I hope that our 1990 US Congressmen enjoyed the dollars spent on wine, food, women, song, campaign contributions, jobs for their (unemployable) children, and vacations that the oil company paid lobbyists probably paid to entice (bribe) our congressmen to pass that 1990 legislation to burden the government with the costs of damages caused by oil exploration.

Why else would the US congressmen have voted for such legislation?

Without this legislation, would BP have operated that drilling with more safety?

re: 20-year-old oil spill liability law creates "incentives for

Gearld, I think if this law had not been passed there probably would not have been any drilling at all. I would not be surprised to find out the the enormous level of water pressure (around 1 ton per square inch) had quite a bit to do with this disaster. I know if I was an oil company CEO, I would not have drilled on that site at all.
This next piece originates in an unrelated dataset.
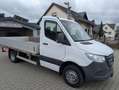Mercedes-Benz Sprinter III Pritsche 516 CDI RWD MR Weiß - thumbnail 7
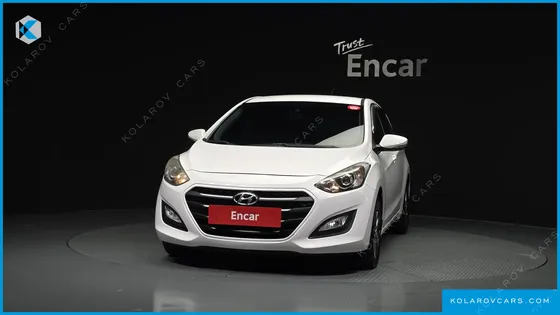 HYUNDAI I30 2.0 PYL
re: 20-year-old oil spill liability law creates "incentives for

BP is such a joke… they should all be arrested along with the US govt. How long ago did they cap the leak? And how many legitimate claims are still “pending” from damages they suffered back in the beginning of the summer? I happen to know three people that were affected directly by BP’s shady PR tactics and manipulation of our laws, one of whom was a journalist who was almost arrested and charged with felonies for taking pictures of oil covered animals near the coast. Not only is it bad enough that thousands of fishers’ lively hoods are ruined for god knows how many years to come, they were paid a pathetic amount of money to clean up BP’s own mess. To add even more insult to injury, BP used Corexit 9527, which contains mainly 2-butoxyethanol, which is very toxic. You wouldn’t have to be a scientist to know that, since in the first week of using it over 70 fisherman ended up at the hospital. Of course if you even inquired about this, I’m sure the govt (which is pretty much owned by oil companies) would deal with you quite quickly, let alone taking pictures of it in an attempt to run a story on it. If you didn’t know already, the govt is doing what they do best… crapping on the 1st amendment: naturalnews.com/029130_Gulf_of_Mexico_censorship.html. My friend who almost got arrested on felony charges simply went out on a boat into about 30 feet of water and used a water proof cam to photograph one of the many oil plumes forming at the bottom of the surface (which BP vehemently denies). Now here comes the hilarious part. He switched the film in his camera with a blank one in the event they were stopped by police, which they were as soon as they got back to shore. They let him go but still took his name down, and what do you know... later that night, 2 guys wearing black hoodies attempted to break into his house. He caught pics of them on his home security system (he saved the pics… adt burglar alarms camera break in photos). Hmm, I wonder who paid these guys to break in and what they were after? Definitely not BP or our govt, that’s for sure!